◆ Problem to work on ◆
Give back exactly the line containing "Affisch i vit ram - Nå djupt in - 30x30 cm" and all that follow it in the data below, with the pictures left out.

◆ Dataset extract ◆
════

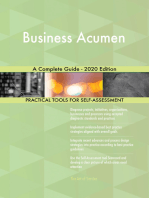Business Acumen A Complete Guide - 2020 Edition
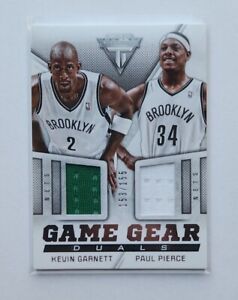 2013-14 Titanium Game Gear Dual Patch Kevin Garnett Paul Pierce 153/155 #7 Nets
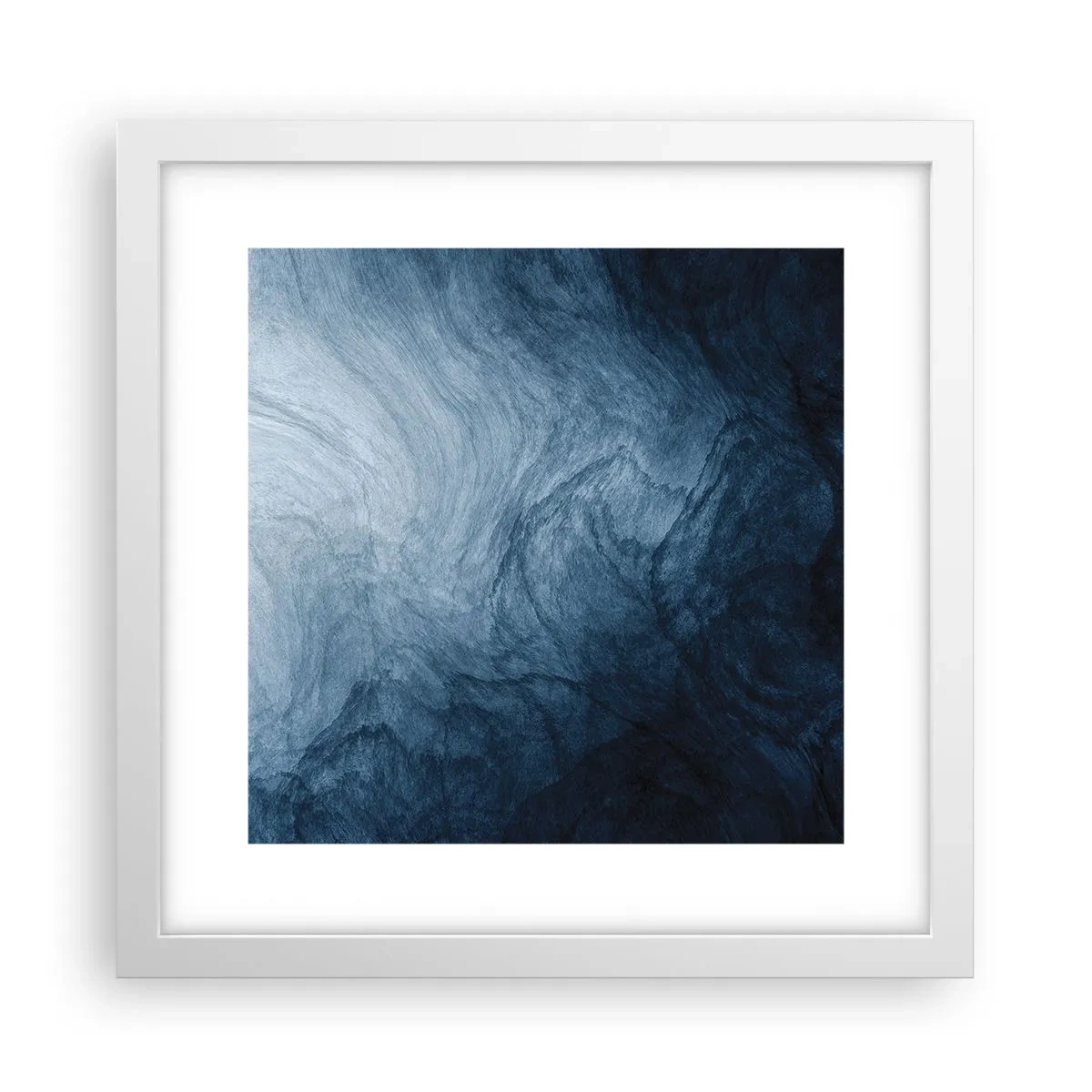 Affisch i vit ram - Nå djupt in - 30x30 cm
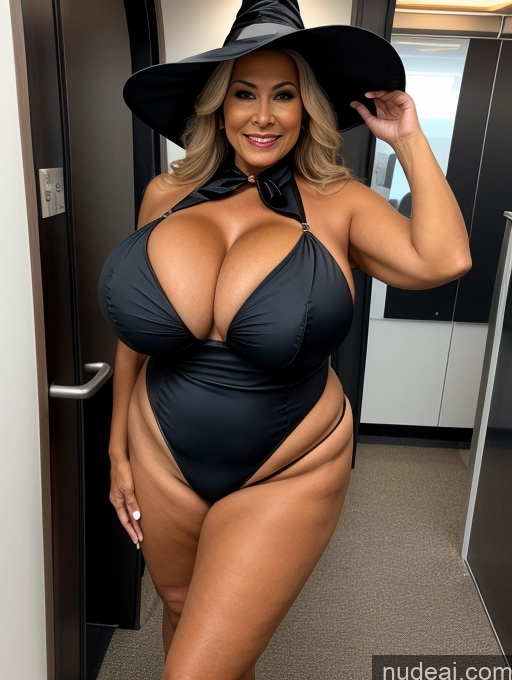 related ai porn images free for Milf One Busty Huge Boobs Thick Tanned Skin Front View Microkini Thong 70s Brazilian Witch Halloween Flight Attendant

════

◆ Response to the exercise ◆
 Affisch i vit ram - Nå djupt in - 30x30 cm
 related ai porn images free for Milf One Busty Huge Boobs Thick Tanned Skin Front View Microkini Thong 70s Brazilian Witch Halloween Flight Attendant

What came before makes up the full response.